**TRY IT**.
Leaving the pictures out, transcribe the records below exactly.

**MATERIAL FOR THIS TASK**.

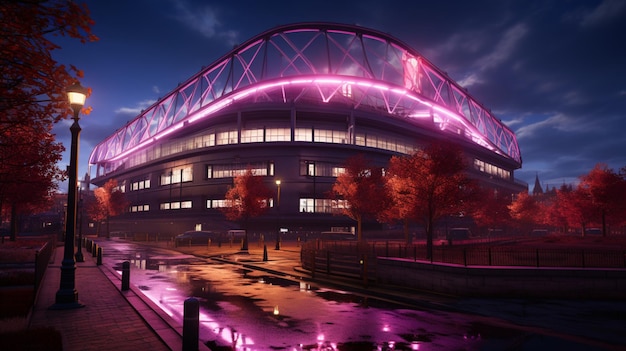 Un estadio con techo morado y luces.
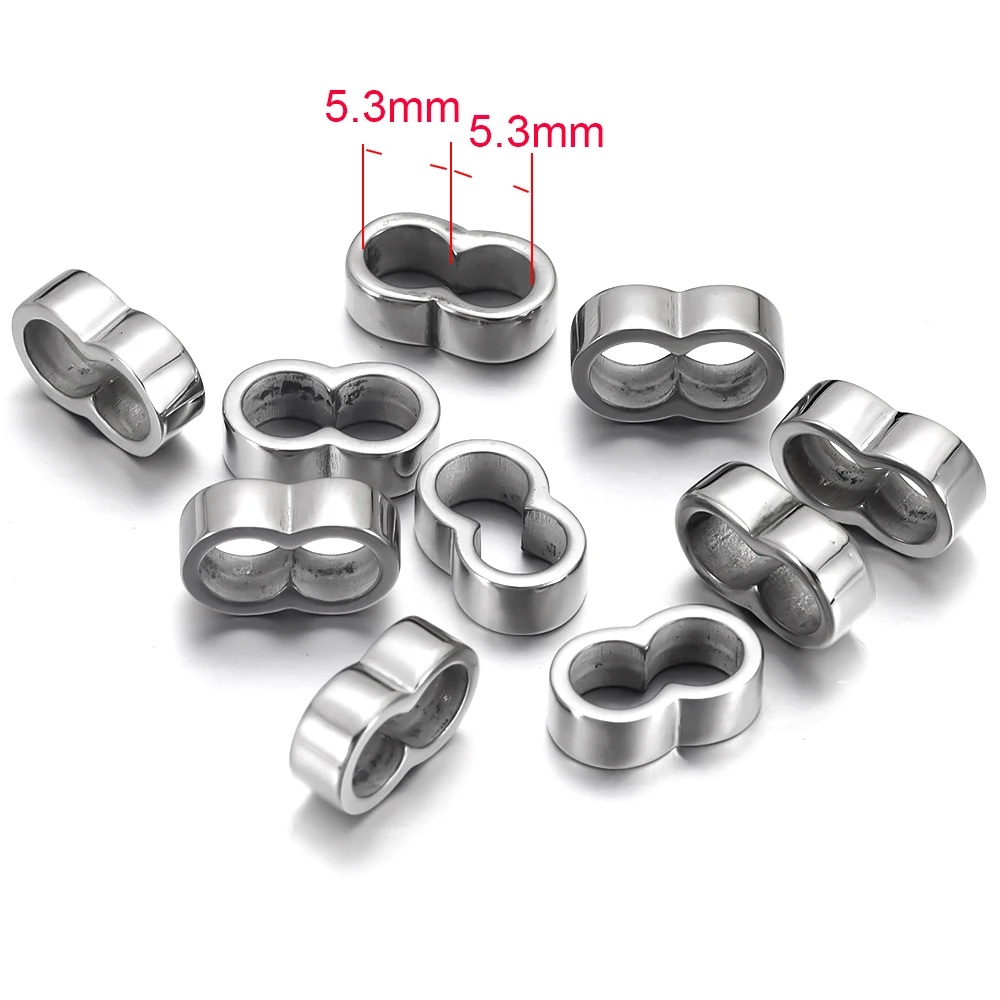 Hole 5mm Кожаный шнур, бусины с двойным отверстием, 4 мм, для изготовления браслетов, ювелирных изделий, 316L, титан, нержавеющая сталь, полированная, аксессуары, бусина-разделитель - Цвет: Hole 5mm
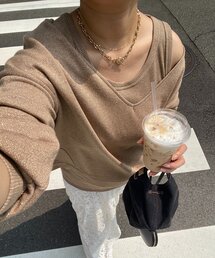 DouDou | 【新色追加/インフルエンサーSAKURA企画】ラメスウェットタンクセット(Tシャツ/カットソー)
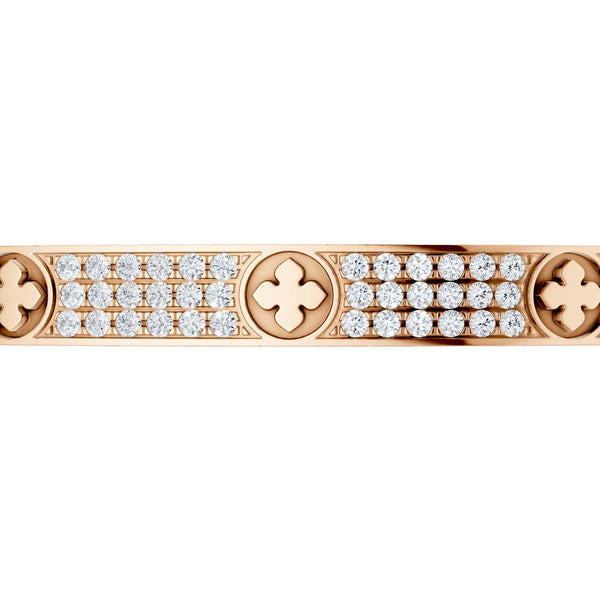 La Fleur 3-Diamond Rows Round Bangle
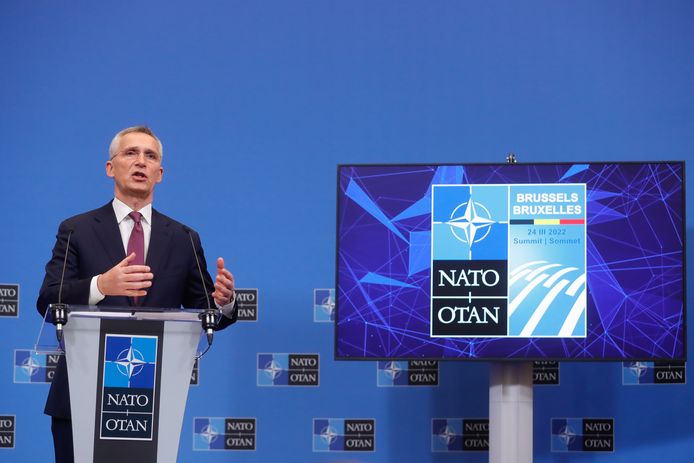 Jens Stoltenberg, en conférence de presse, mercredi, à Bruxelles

**TASK RESPONSE**.
 Un estadio con techo morado y luces.
 Hole 5mm Кожаный шнур, бусины с двойным отверстием, 4 мм, для изготовления браслетов, ювелирных изделий, 316L, титан, нержавеющая сталь, полированная, аксессуары, бусина-разделитель - Цвет: Hole 5mm
 DouDou | 【新色追加/インフルエンサーSAKURA企画】ラメスウェットタンクセット(Tシャツ/カットソー)
 La Fleur 3-Diamond Rows Round Bangle
 Jens Stoltenberg, en conférence de presse, mercredi, à Bruxelles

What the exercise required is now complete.